# Inicializacion a la programacion



## Jimmyisthebest (Nov 6, 2008)

Hola, a ver, mi tema lo abro por que queria que me introdugerais un poco al tema de robotica programada, yo estoy en el modulo superior de programacion por lo que se C que es en lo que e leido que se debe programar, o tambien en ensamblador pero me basaria mas en C, como programar y hacer que el robot reaccione, he leido que hay un libro el picXXXX ese morado, pero espero que me digan ustedes, ya que me gustaria presentarme a un concurso de robotica que es para febrero    graciasss


----------



## Marqueses (Nov 6, 2008)

¿Qué tipo de robot quieres realizar? o mejor dicho, ¿qué funciones deseas que haga tu robot? si no tienes mucha idea lo más tipico es realizar un siguelinas o bumpers. Si tienes más dudas puedes enviarme mp. 
Saludos.


----------



## Jimmyisthebest (Nov 6, 2008)

Si, mi robot para el concurso es un siguelineas, tienen que hacer dos pruebas: cito textualmente:

La prueba llamada “Mogollón” consiste en salir de un área de color blanco delimitada
con una línea de color negro, existiendo una única salida. Existen zonas prohibidas,
también delimitadas por una línea negra.(osea un circuito cerrado que no se salga y salir el primero)
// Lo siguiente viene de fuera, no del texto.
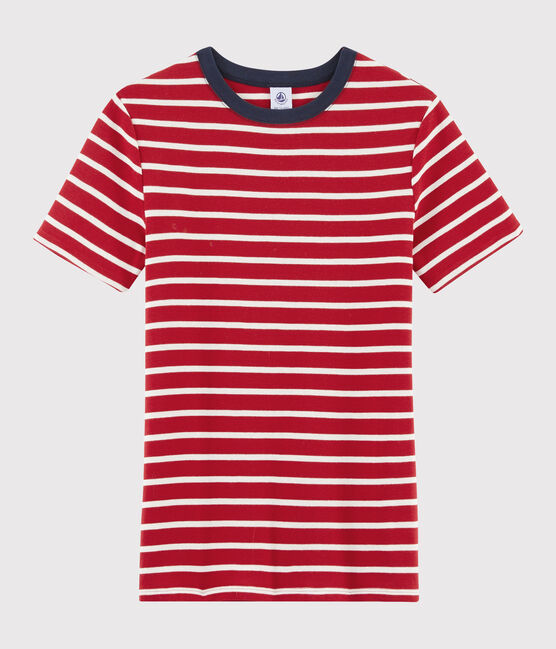 T-shirt iconique col rond Femme rouge TERKUIT/blanc MARSHMALLOW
La prueba consiste en lograr que el robot siga fielmente un circuito de color negro,
trazado sobre un fondo blanco en una superficie completamente plana. El circuito no
presentará discontinuidades ni bifurcaciones. Cada robot deberá dar una vuelta y el que
menos tiempo tarde en completarla será el ganador de la prueba y del concurso.(osea velocidad de circuito)

un robot que realize esas funciones, materiales, lo que me podais aportar.


----------



## joorge (Nov 6, 2008)

Echa un vistazo aquí, creo que puede ser de ayuda.

http://www.robotic-lab.com/blog/tutoriales/robot-sigue-lineas/


----------



## Jimmyisthebest (Nov 7, 2008)

lo e visto y si que er sirve es perfecto para seguir paso a paso, pero me a surgido la duda que el sige lineas, para la prueba del mogollon no serviria ya que, el objetivo es que al chocar con la linea, retroceda gire o solo gire, ¿no?, en caso de ser el mecanismo este al chocar con la linea de frente se pararia si no me equivoco.


----------



## Alekvasb (Nov 8, 2008)

Asumo que lo que se debe hacer es cambiar el programa del micro, se podría montar el código para que cuando detecte la zona blanca avance y cuando sea una negra gire.... creo que se deben poner dos sensores para detectar el color uno a cada lado para determinar hacia donde giraría el carro....


Si el color negro esta a la izquierda que gire a la derecha.....


----------



## Jimmyisthebest (Nov 9, 2008)

bueno chicos anteayer me compre el libro pic16f84 y empezare a leermelo, y a trabajar, he leido que es muy bueno para empezar a este tema de programacion y control del pic, jajajaja, aver que tal por que de tema  de electronica pura en diagramas no me aclaro mucho necesitro mi tiempo para entenderlo


----------



## joorge (Nov 9, 2008)

Cuando hayas verificado que es realmente un buen texto, pásanos el título.

Gracias y suerte.


----------



## Jimmyisthebest (Nov 9, 2008)

pos el titulo es asi, jajaja, y en este mismo foro unos posts mas abajo sale https://www.forosdeelectronica.com/about25971.html como indican es muy recomendable yo aver si empiezo con el primer diagrama del entrenador ya.


----------



## joorge (Nov 9, 2008)

Ok, acabo de encontrarlo en la mula. Gracias.


----------



## Moyano Jonathan (Nov 9, 2008)

Aunque programar en assembler está bueno para empezar , para implemetar funciones , algoritmos de movimientos, procesado de información proveniente de sensores es más facil y recomendable utilizar C en robótica y utilizar algún pic de la gama 18fxx ya que vienen optimizados para la programación en c


----------